History of the Wale memorial

"Portrait of Gregory Wale when about 5 years old painted 1668." From A Record of Shelford Parva by Fanny Wale P61
The Wale obelisk was erected in 1739 on Maggot’s Mount on Newton Road on the outskirts of Little Shelford.

Gregory Wale and James Church used to meet regularly at this place, and they agreed that when one of them died, the survivor should put up a monument to his friend's memory on the very spot where they so often met.

The monument is inscribed as follows:

"To the Memory of Gregory Wale Esq, Justice of the Peace for this County. Deputy Lieutenant. County Treasurer. Conservator of the River Cam. He lived an advocate for liberty. A good subject. An agreeable companion, a faithful friend, an hospitable neighbour, and in all parts of life a useful member of society. He died June 5th 1739 in the 71st year of his age: universally lamented, and was buried in the parish church of Little Shelford. This obelisk was erected by his surviving friend James Church Esq as a public testimony of his regard to the memory of so worthy a gentleman."

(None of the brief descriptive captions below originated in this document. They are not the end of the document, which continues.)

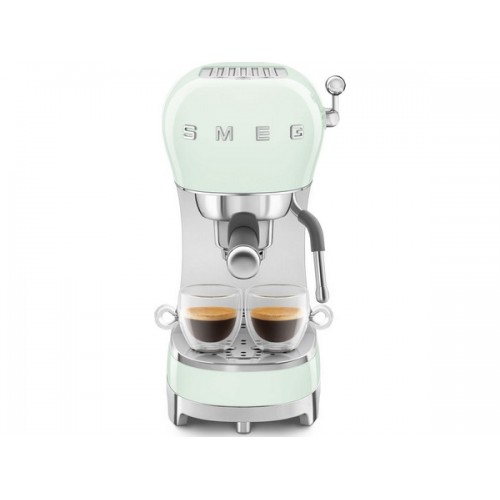 Кофемашина-эспрессо SMEG ECF02PGEU в пастельном зеленом цвете - идеальный выбор для настоящих любителей кофе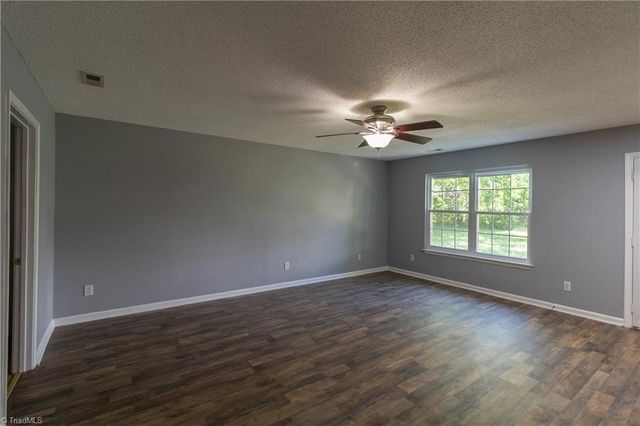 106 Tom Court, Kernersville, NC 27284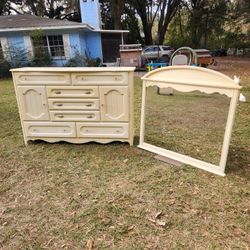 Dresser With Mirror 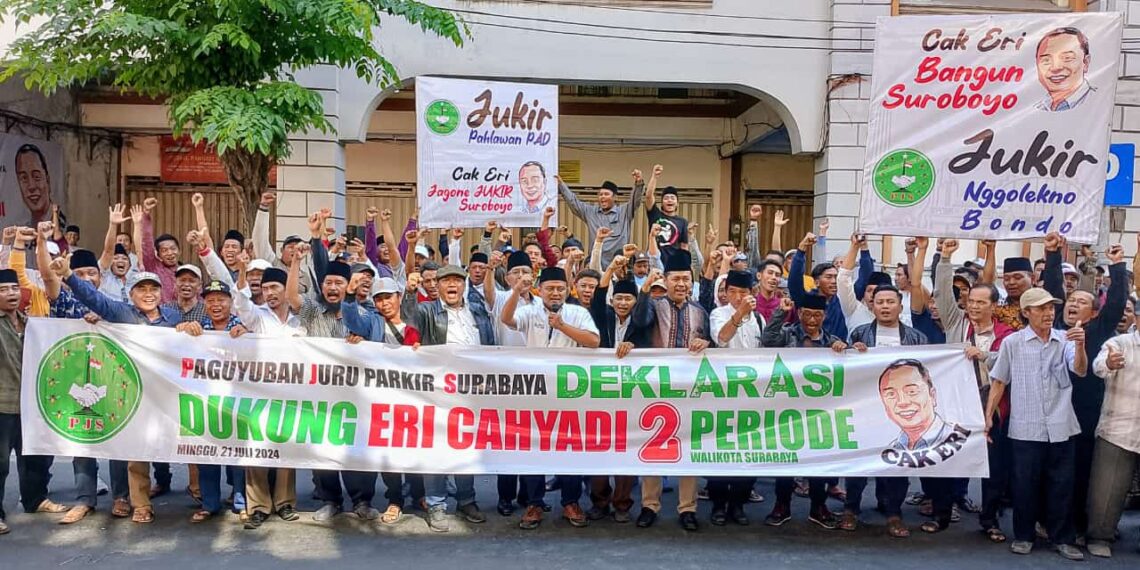 Deklarasi dukungan PJS di markas PJS di Jl. Karet Surabaya, Minggu (21/7/2024). (kiri-kanan) Arief Rachmad Hidayat, Izul Fiqri, H.M. Husni Y Pembina PJS. (foto2: hari/bidik.news)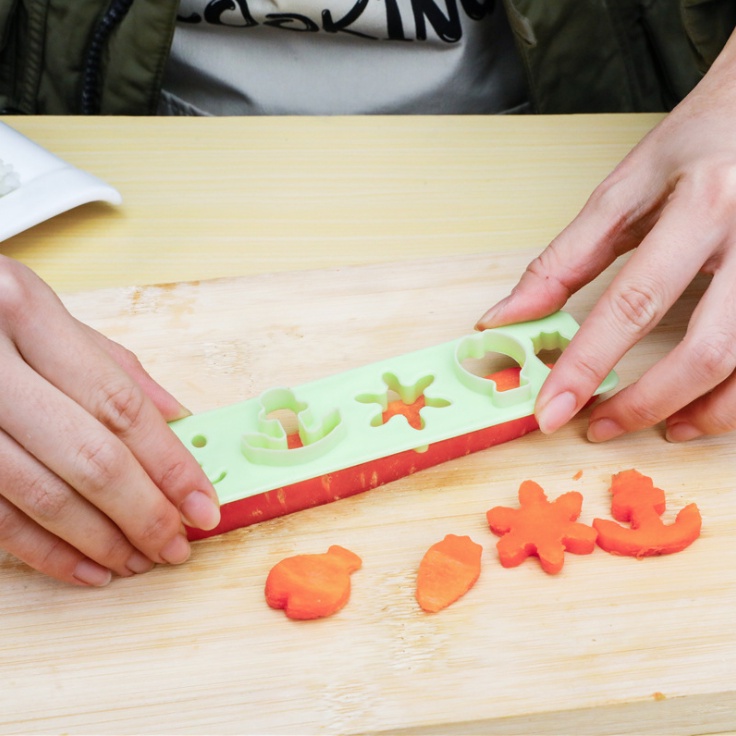 Khuôn tạo hình cơm hình thú mẫu mới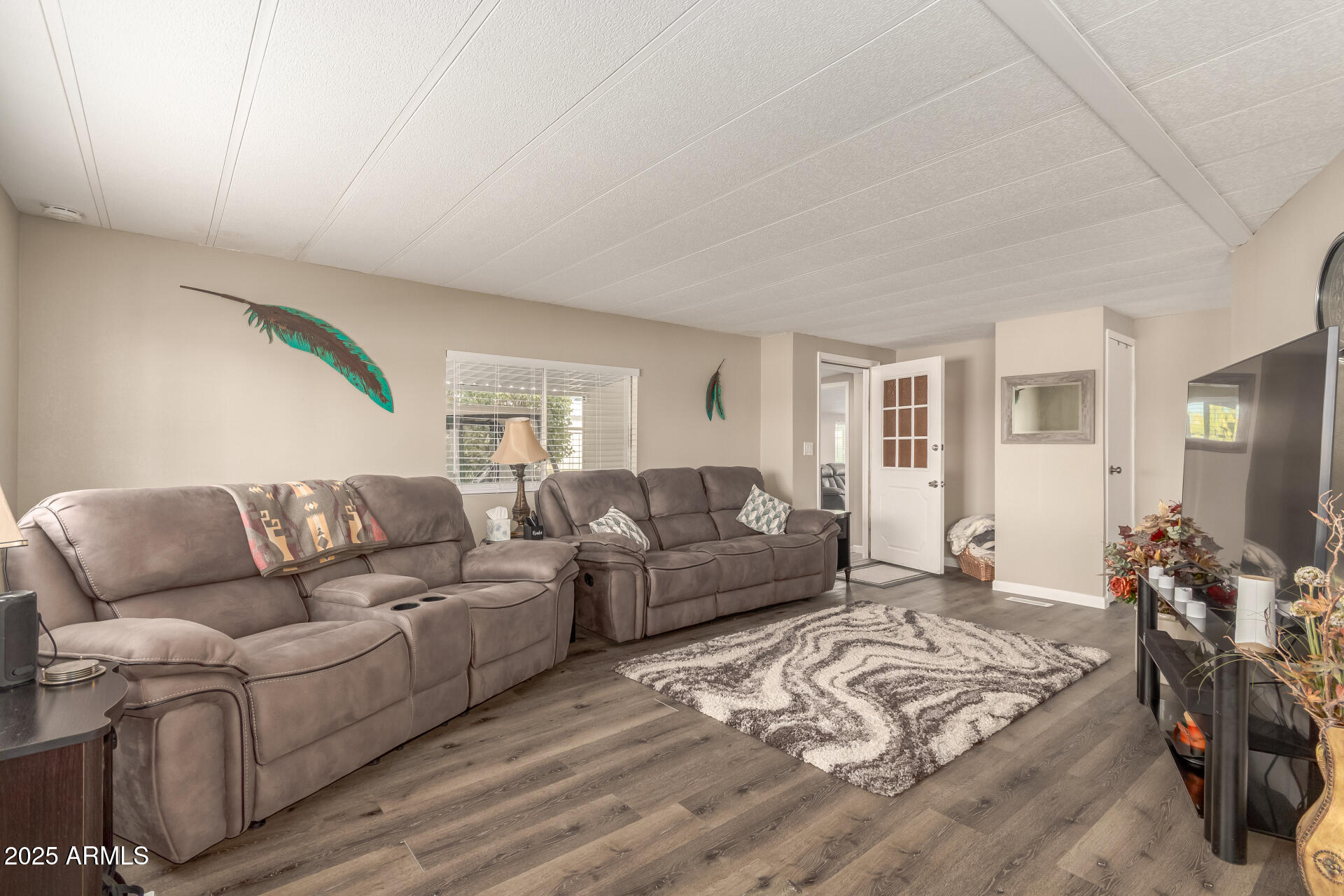 5263 E McDowell Road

After the death of Gregory Wale, his granddaughter Margot Wale often used to walk up the mount and was very fond of it. At the latter end of her life she would lie at her window and watch her little hill and her friends and the country people got into the habit of calling it "Margot's Mount" and in later years this was corrupted to "Maggot's Mount."

Gregory Wale is buried at All Saints’ Church. He was Lord of the Manor of Tiptofts in Harston, Cambridgeshire from 1731–1735.

   L to R Valerie Luff (Parish Clerk) Parish Councillors Joan Church, Brenda Bishop, Rosemary Nicholls (Chairman), Ivor Pearl and Charles Day at the reopening of the Wale Memorial.  
 Restoring the inscription of the Wale Memorial in Rattee and Kett's workshop.